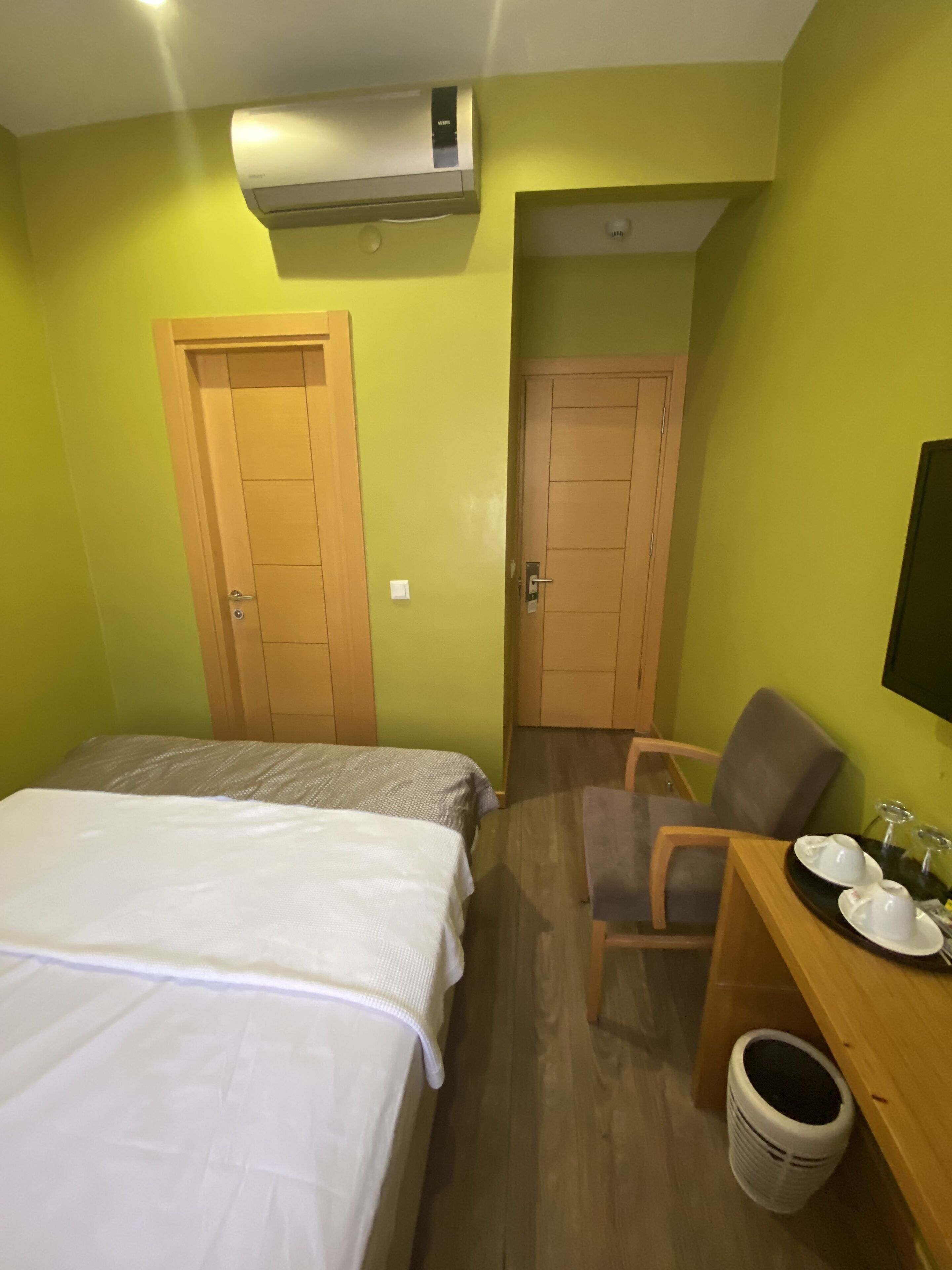 A hotel room with two beds, a desk with a chair, a small table with a tray, and an air conditioning unit.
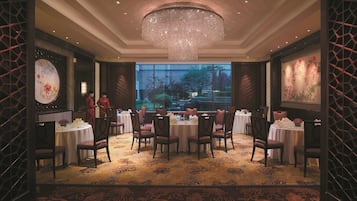 A dining area with round tables, chairs, and a large chandelier.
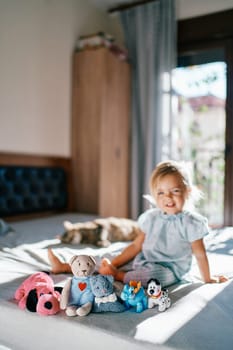 Teddy bear and soft toys sit in a row on the bed against the background of a little smiling girl. High quality photo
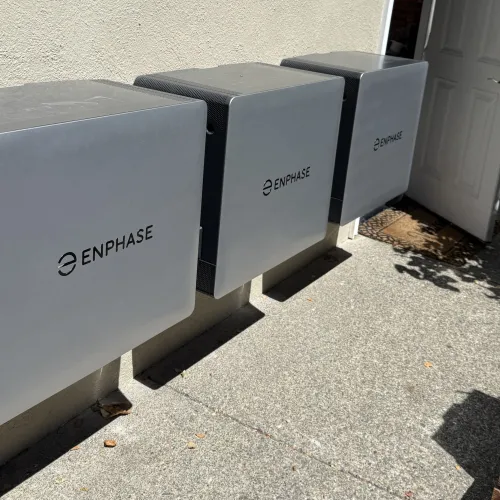 Three gray Enphase energy storage battery units mounted on an exterior wall near a white door on a sunny day.
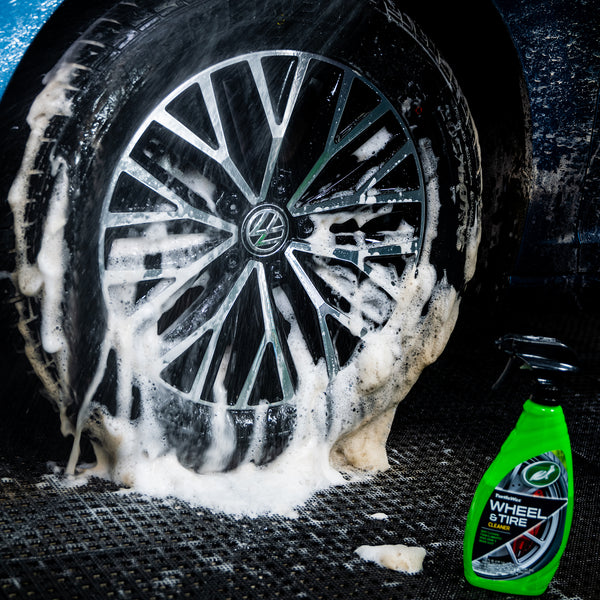 Zoomed view of tire detailing process highlighting foamy action of Wheel and Tire Cleaner.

**TASK DETAILS**
Word for word, repeat the data above with the pictures left out.

**THE COMPLETED TASK**
 A hotel room with two beds, a desk with a chair, a small table with a tray, and an air conditioning unit.
 A dining area with round tables, chairs, and a large chandelier.
 Teddy bear and soft toys sit in a row on the bed against the background of a little smiling girl. High quality photo
 Three gray Enphase energy storage battery units mounted on an exterior wall near a white door on a sunny day.
 Zoomed view of tire detailing process highlighting foamy action of Wheel and Tire Cleaner.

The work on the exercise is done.